- Exercise prompt -
An exact reproduction is needed of every line from the beginning of the data down to and including the line that contains "Tao Baja 200", minus the pictures.

[Dataset entries]
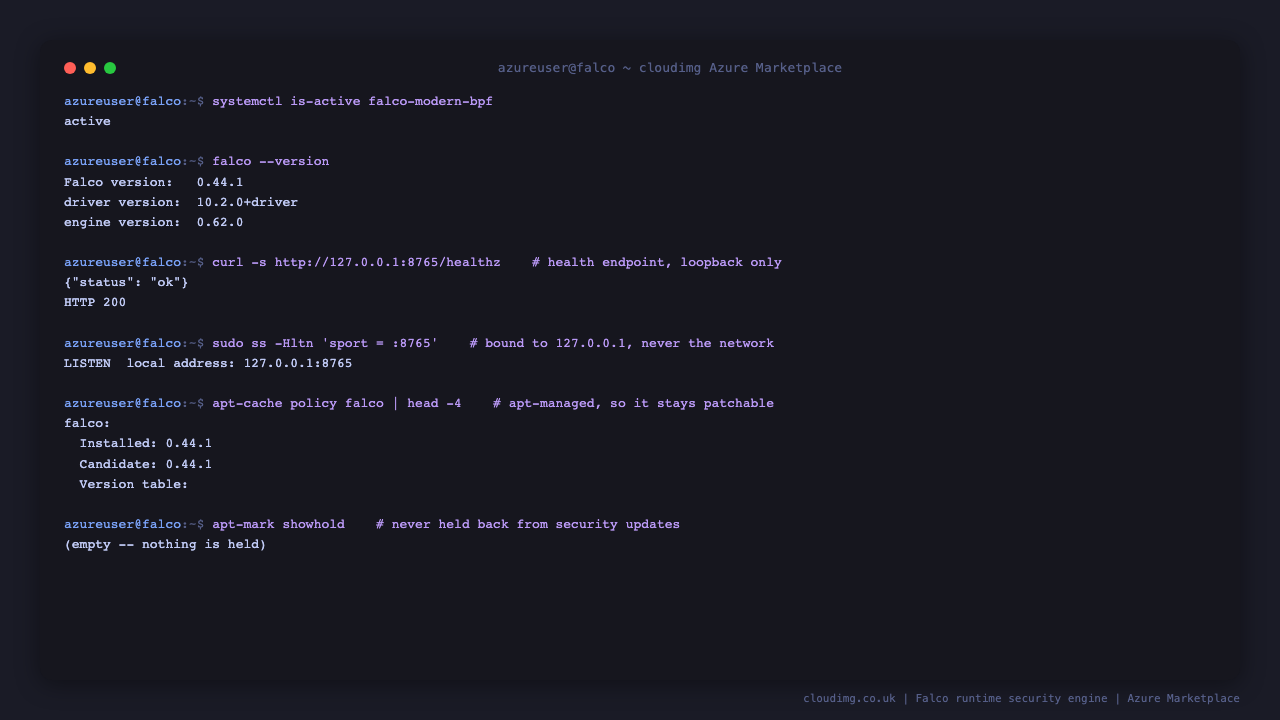 The Falco engine reporting active on a freshly deployed virtual machine, with its version, driver and engine versions, the health endpoint answering on the loopback interface only, and the package shown as apt managed with nothing held back from security updates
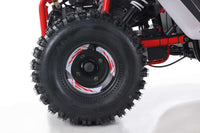 Tao Baja 200 Adult Off Road Go Kart,169cc Air Cooled. Automatic Trans with Reverse, Hydraulic Disc Brakes, LED Head Lights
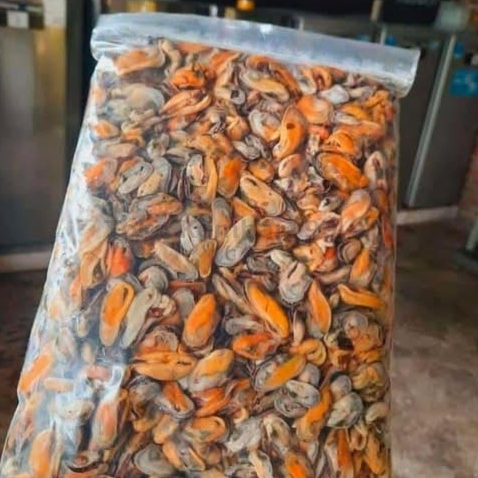 

Kerang Hijau Kupas Segar Daging Kerang Hijau Kerang Ijo 1Kg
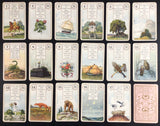 c.1920 Lenormand Cards, Müller, 35/36
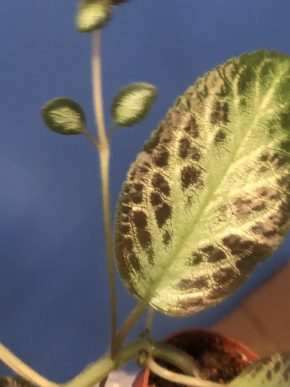 Episcia Jade - čerstvý řizek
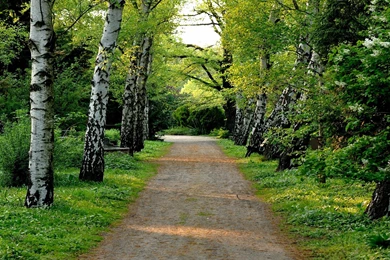 Tree Lined Dirt Road Beautiful Natural Scenery Desktop Wallpapers ...
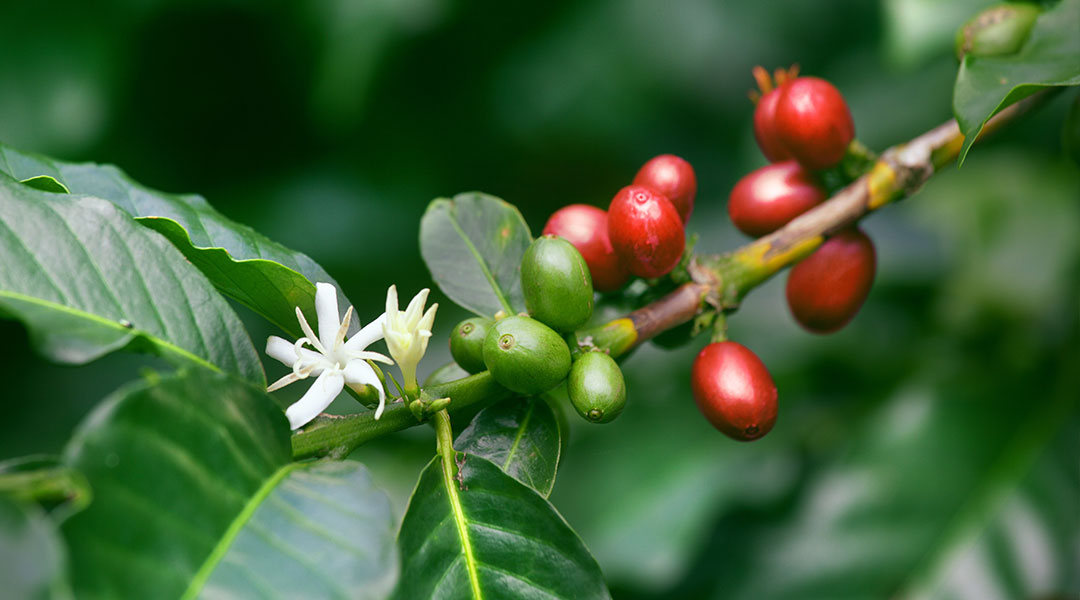 Growing 100% Kona Coffee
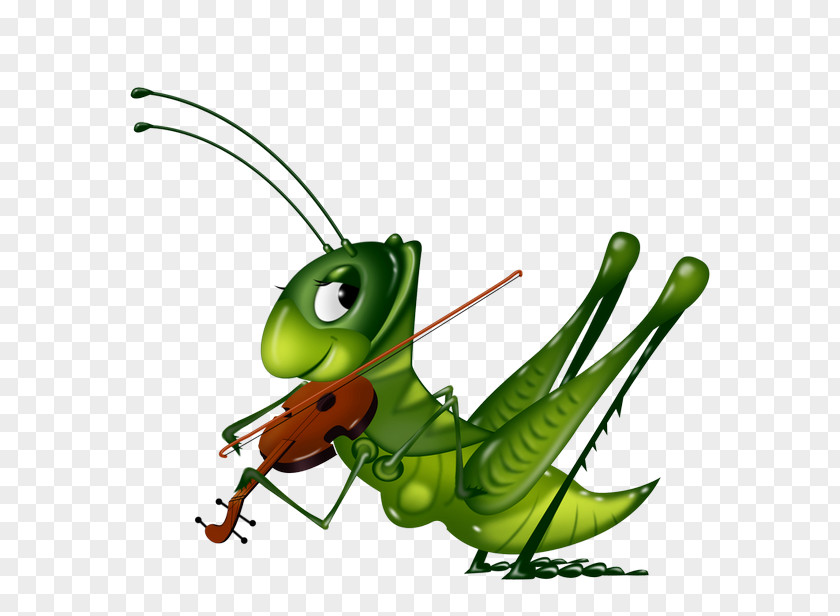 Playing A Violin Painted Locusts Insect Bee Drawing Clip Art PNG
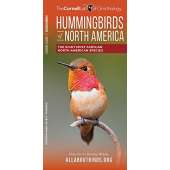 Hummingbirds of North America: The Eight Most Familiar North American Species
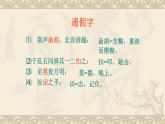 人教部编版高中语文选择性必修下册12.石钟山记   课件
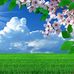 Rafael Paul - Facebook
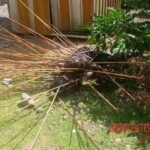 Tribal war in Papua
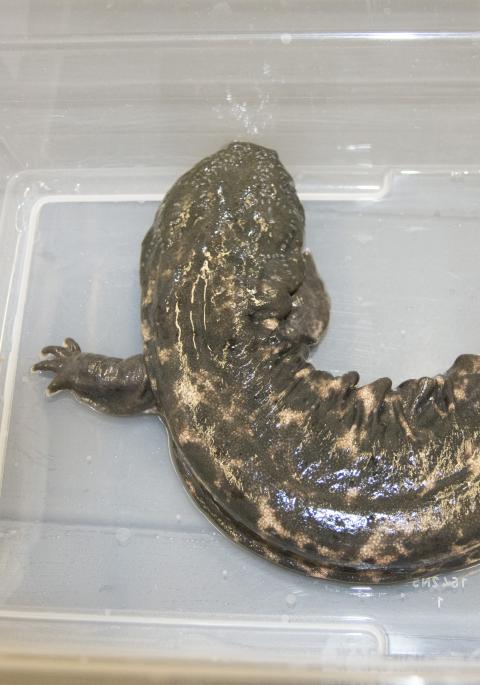 Eastern Hellbender salamander in water in plastic bin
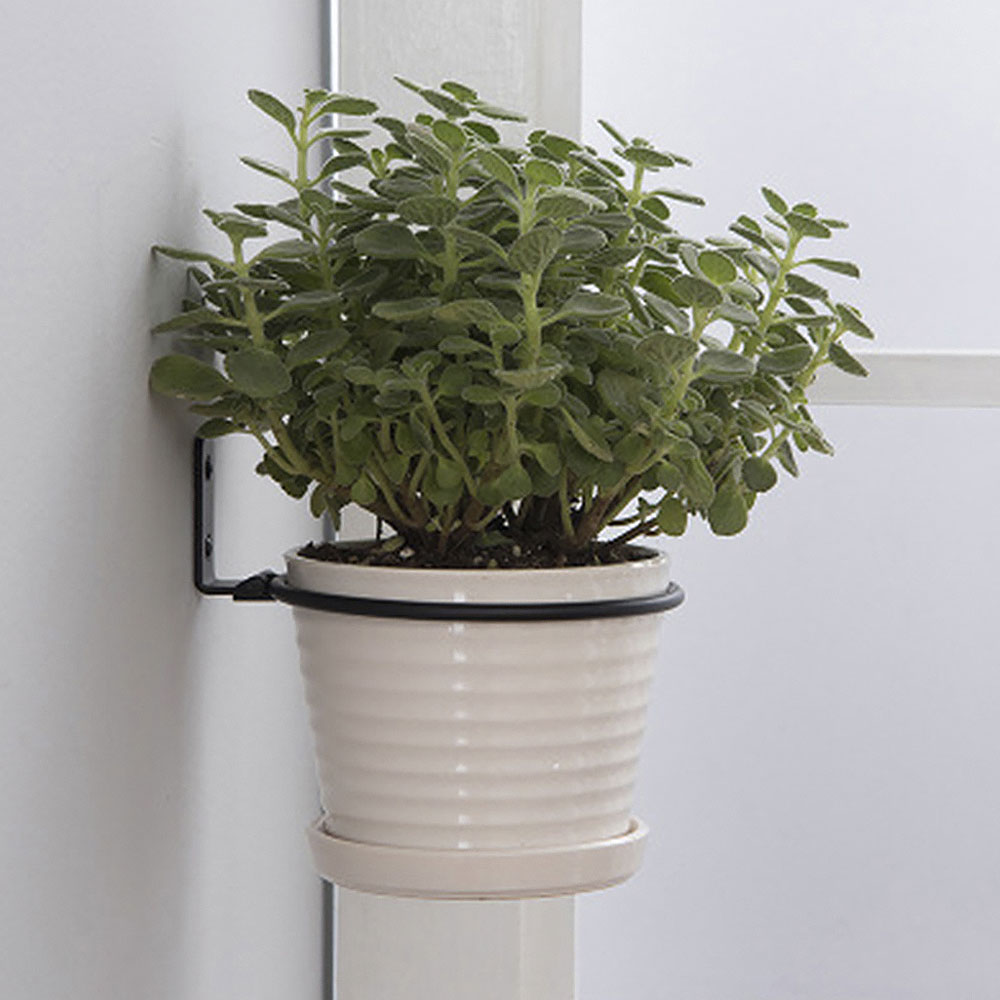 Saksı Tepsileri Duvara Monte P - Plant Parents incelemesi ve fiyatı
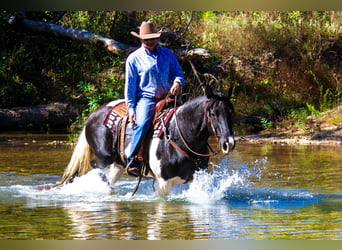 Tennessee walking horse, Gelding, 13 years, 15 hh, Tobiano-all-colors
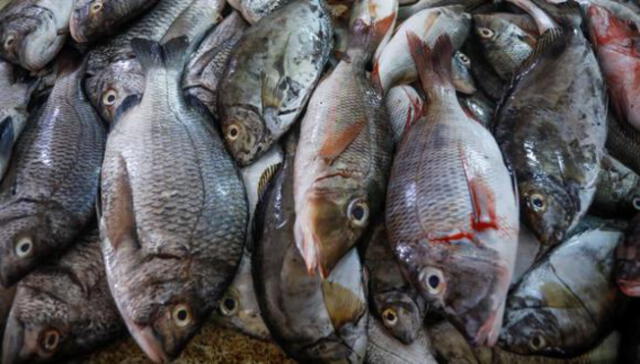 El 67.4% de los pescados analizados es vendido bajo otra denominación. Foto: EFE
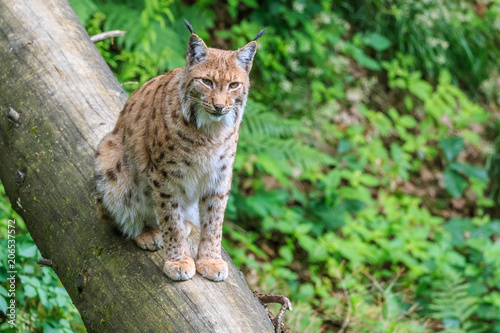 Lynx sitting on a fallen tree trunk © erikzunec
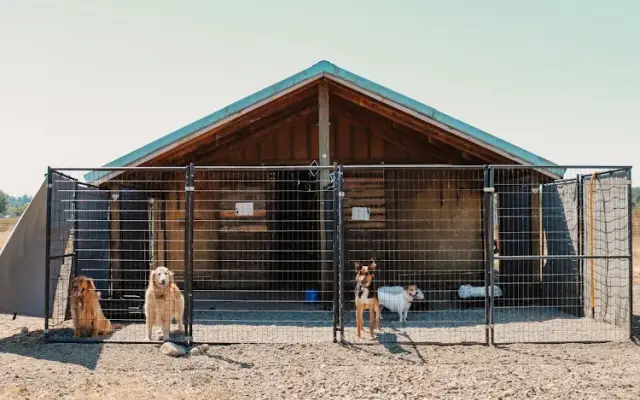 Adamson Acres Doggy Daycare & Boarding in Eagle Creek, OR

- Solution to this problem -
 The Falco engine reporting active on a freshly deployed virtual machine, with its version, driver and engine versions, the health endpoint answering on the loopback interface only, and the package shown as apt managed with nothing held back from security updates
 Tao Baja 200 Adult Off Road Go Kart,169cc Air Cooled. Automatic Trans with Reverse, Hydraulic Disc Brakes, LED Head Lights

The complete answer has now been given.